第六卷 第五章 第十二节
有的是好人替上,法律不立繁:激光照精,不是堆得多
上一节,把贪过害过、受过惠的,全请出了握法的门,又立了往后选官靠那颗心、持照年审回炉。这一节,先解你最后那个实在的担心,把人全请出去、又卡得这么严,那些位置谁来填?告诉你,有的是好人,排着队,等着替上来。再讲那一山一样高的法条,到这一步该怎么办,法律不立繁,要的是精,不是堆得多。
一、那些位置,谁来填
你这个担心是,把贪过害过、受过惠的,一个一个,全请出握法的门;往后选官,又卡那颗心、卡得这么严,那法律这台机器上那么多位置,法官、立法者、律师、执法官员,谁来填?空着吗?再说了,前面讲过,那一窝法盲坐在这些位置上,靠的就是字面熟、赢案子、合规走程序,而那些有那颗护人心的、读得懂本意的、不肯钻漏洞的人,恰恰被这一套挤出去、压在底下、上不了位。那哪还有现成的真懂法的人,来接这些位置?
告诉你,这个,一点不用愁。有的是好人,排着队,等着替上来。这些好人,从哪儿来?
二、第一卷那把火,淘汰下来一大批好人
你回头看第一卷那把火,AI 这一波大变革,把多少人,从他们原来的岗位上,淘汰下来了。
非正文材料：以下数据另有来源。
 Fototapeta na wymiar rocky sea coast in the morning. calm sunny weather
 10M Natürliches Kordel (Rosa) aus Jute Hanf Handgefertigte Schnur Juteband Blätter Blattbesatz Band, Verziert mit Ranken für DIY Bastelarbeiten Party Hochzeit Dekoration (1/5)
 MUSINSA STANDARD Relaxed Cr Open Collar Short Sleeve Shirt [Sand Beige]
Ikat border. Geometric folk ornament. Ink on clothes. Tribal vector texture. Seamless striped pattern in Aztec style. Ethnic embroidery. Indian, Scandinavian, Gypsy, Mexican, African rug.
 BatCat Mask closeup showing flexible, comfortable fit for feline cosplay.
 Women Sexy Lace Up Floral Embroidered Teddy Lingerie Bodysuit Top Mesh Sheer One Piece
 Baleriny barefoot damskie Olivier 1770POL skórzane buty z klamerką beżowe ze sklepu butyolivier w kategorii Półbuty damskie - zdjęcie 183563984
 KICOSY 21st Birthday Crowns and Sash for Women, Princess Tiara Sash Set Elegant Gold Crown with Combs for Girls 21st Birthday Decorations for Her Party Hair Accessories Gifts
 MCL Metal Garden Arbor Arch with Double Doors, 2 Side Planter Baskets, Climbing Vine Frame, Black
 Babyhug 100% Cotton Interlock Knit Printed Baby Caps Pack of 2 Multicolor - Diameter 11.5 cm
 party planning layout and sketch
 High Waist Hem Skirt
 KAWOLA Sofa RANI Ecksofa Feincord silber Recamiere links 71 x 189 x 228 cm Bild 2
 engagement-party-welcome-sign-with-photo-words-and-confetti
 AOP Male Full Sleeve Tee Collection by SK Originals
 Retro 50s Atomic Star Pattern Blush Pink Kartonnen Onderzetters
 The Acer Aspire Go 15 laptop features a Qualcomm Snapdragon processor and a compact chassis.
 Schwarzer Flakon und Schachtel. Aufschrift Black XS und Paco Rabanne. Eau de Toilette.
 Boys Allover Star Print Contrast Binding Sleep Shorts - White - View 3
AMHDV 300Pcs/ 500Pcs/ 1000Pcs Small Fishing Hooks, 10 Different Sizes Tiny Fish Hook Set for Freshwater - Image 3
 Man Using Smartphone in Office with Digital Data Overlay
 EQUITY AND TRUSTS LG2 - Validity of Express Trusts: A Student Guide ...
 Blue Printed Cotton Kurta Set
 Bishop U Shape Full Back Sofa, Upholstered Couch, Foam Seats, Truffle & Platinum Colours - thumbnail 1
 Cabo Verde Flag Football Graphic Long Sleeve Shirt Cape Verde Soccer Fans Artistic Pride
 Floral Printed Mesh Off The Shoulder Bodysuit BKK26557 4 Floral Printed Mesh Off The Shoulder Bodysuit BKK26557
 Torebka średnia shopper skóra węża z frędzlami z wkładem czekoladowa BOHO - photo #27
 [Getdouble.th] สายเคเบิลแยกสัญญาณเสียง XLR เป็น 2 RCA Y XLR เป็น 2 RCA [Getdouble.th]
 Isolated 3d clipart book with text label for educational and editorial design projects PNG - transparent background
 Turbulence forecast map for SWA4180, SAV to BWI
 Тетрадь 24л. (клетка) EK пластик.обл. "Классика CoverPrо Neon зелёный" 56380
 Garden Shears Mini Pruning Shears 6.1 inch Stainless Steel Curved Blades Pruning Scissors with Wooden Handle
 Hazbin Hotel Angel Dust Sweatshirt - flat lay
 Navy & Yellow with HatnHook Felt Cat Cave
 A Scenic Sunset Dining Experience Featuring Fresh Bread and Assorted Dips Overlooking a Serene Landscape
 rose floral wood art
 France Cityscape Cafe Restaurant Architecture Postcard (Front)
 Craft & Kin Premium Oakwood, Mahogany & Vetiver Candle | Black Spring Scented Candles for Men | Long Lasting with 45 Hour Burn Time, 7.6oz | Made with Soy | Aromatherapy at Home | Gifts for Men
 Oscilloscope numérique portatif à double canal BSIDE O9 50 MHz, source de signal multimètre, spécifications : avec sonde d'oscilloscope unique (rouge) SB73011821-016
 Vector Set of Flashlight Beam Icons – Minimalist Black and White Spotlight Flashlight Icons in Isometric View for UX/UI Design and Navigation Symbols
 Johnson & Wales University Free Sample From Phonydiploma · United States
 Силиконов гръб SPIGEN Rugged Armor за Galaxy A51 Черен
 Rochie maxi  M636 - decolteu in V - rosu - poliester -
第一卷里,一直在为这些被淘汰的人揪心、想着怎么安顿他们。现在,到了这一章,要告诉你,这些被 AI 淘汰下来的人里头,藏着一支多大的力量。
他们里头,有的是好人。有品德、有本事、做事踏实、心里干净的人,一大批一大批,被那场火,从原来的岗位上,淘汰下来了。他们不是没用了,是他们原来干的那个活,被 AI 替了。他们这个人,他们的品德、他们的本事、他们那颗踏实干净的心,一点没少。而且,这些被淘汰下来的人里头,恰恰多的是,那些当年在原岗位上,本本分分、不刁难人、不踩着人往上爬的人;那些守着良心做事、不肯钻漏洞、不愿为升迁违心的人;那些在原行业里就被那套赢就是对的风气挤压、一辈子坐冷板凳的老实人。他们当年在原行业里被挤、被压、被笑话太天真,可正是这样的人,心里那颗为人民、护人的心,没被磨掉。
三、两头的难处,一齐解了
现在,那场 AI 大火,把他们从原岗位上淘汰下来了,本来是失了岗位、揪着心的事。可这一章一看,这一大批好人,恰好是替这一窝法盲腾出来的位置,最该上去的人。那政府里、法律这台机器上那些被请出去的位置,还有往后那些要紧的位置,正好,从这一大批被 AI 淘汰下来的好人里头,挑那些有那颗护人心的,培训、读本意、补品德、持上照,替上去。
你看,这一下,两头的难处,一齐解了。第一卷那把火,淘汰下来一大批好人,愁着怎么安顿他们;这一章,请出去一批法盲,腾出一批要紧的位置,愁着谁来填。两头一对接,被淘汰的好人,正好填上腾出来的位置。一头的难,正好解了另一头的难。这正是这本书一路讲的,四股劲、各章节相互搭手,第一卷火里淘汰的人,到第五章,成了解法律那条锁的后备军。
四、不光对接得上,质上还正好合
不光对接得上,质上还正好合。这批好人,本来就是在原岗位被赢就是对、不钻就被挤那套挤下来的,他们心里那颗护人的心,恰恰是法律新制度最需要的;他们当年没被那套字面合规磨掉的良心、本意、护人心,正是替法律内的位置打底的最好材料。你让他们持照、补品德、读本意,他们一上手,比那一窝被原来体系养出来的法盲,懂得快、懂得真、懂得稳。因为本意不是教出来的,是心里有那颗心、自然就读得懂的,他们本来就有那颗心。
而且,正因为有这一大批好人排着队、人才用都用不完,上一节那些硬规矩,才立得起来。你想,要是没有人替、人才紧巴巴的,那贪过害过的握法门焊死、永不录用这道铁,就立不硬,你把人都请出去了,没人办案子了、没人立法了,怎么办?只好又把贪过害过的请回来。可现在,有的是好人排着队,你尽管把贪过害过、受过惠的,全请出握法的门,一点不用怕没人接,后头那一大批被 AI 淘汰下来的好人,有品德、有本事、有那颗心,排着队等着上呢。人才够、用不完,那道永不录用的铁,才焊得死、立得住。
五、字面熟才升得上,扳成读本意护人民才升得上
更要紧的是,这一下,把那个真懂法的、有那颗心的、读本意的,上不了位;按字面合法害人的、钻漏洞的、合规走程序的,才升得上的劲,整个,扳过来了。你回头看,那道锁缠着的时候,是想升官、想做大律师、想做大法官,就得熟字面、赢案子、不能护本意,钻漏洞的升上去,守那颗心的被压在底下、上不了位。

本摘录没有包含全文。